All 67 counties in Florida are under a state of emergency as forecasters keep a close eye on the course of Hurricane Irma, which reached Category 5 status overnight with winds of at least 175 mph.
Gov. Rick Scott issued the state of emergency declaration Monday afternoon.
“Hurricane Irma is a major and life-threatening storm and Florida must be prepared,” Scott said in a statement. “I have continued to be briefed by the Florida Division of Emergency Management on Hurricane Irma and current forecast models have Florida in Irma’s path – potentially impacting millions of Floridians.”
The latest forecasts project Irma to be on a more direct path toward South Florida with a possible landfall sometime this weekend.
Monroe County is scheduled to activate its emergency operations center at noon today to begin announcing evacuation plans in preparation for what is increasingly looking like a visit from Irma.
Scott ordered the state of emergency to ensure that local, state and federal governments are working together to ensure that resources are in place in preparation for Irma and whatever impact the storm might have on Florida.
“This state of emergency allows our emergency management officials to act swiftly in the best interest of Floridians without the burden of bureaucracy or red tape,” Scott added. “In Florida, we know that the best way to protect our families in severe weather is to have a plan. I urge all Floridians to remain vigilant and stay alert to local weather and news and visit FLGetAPlan.com today as we all prepare for Hurricane Irma.”
The Florida Fish and Wildlife Conservation Commission is pulling its crews out of Texas where they were deployed last week to help flood victims in the aftermath of Hurricane Harvey.
Approximately 25 officers and support staff returned to Florida on Friday with the remaining 105 FWC personnel returning from Texas within the next day or so. They were scheduled to return prior to the governor’s emergency declaration.

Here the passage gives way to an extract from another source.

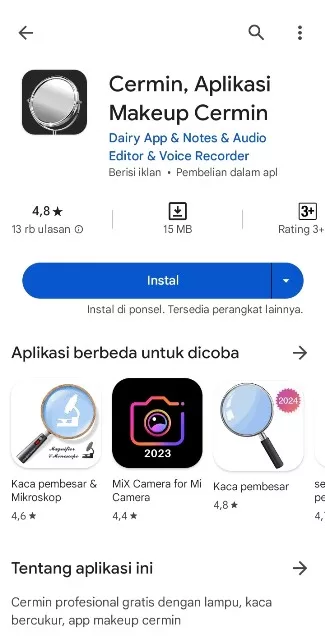 Cermin, Aplikasi Makeup Cermin Cermin, Aplikasi Makeup Cermin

“We’re trying to get them back and get them a little bit of rest and ready for Irma just in case Irma makes landfall on Florida turf,” said Col. Curtis Brown, the director of FWC’s law enforcement division. “With any hurricane we’re always prepared to respond and help and deploy. We have up 200 people ready to deploy now.”
In South Florida there have been reports of runs on grocery stores as residents stock up on food, water and other supplies.
Grocery and lumber stores started to see an increase in traffic on Monday with demand for hurricane supplies expected to grow as the week progresses.
The governor’s state of emergency automatically triggers Florida’s price gouging law. Attorney General Pam Bondi activated her office’s price gouging hotline.
“Floridians need to prepare now and they should not be inhibited by unlawful price increases on supplies necessary to brace for a major hurricane strike—that is why I’ve activated Florida’s Price Gouging Hotline and encourage anyone who suspects price gouging to report it to my office by calling (866)-9-NO-SCAM,” said Attorney General Bondi. “By reporting suspected price gouging you can protect yourself and your fellow Floridians.”
Florida law prohibits businesses from drastically raising prices for essential commodities during a storm, such as: water, food, gasoline, lumber and hotel rooms.
The last hurricane to hit Florida was Matthew last October. Matthew brushed up along Florida’s , east coast before eventually making landfall in South Carolina as a Category 1 storm.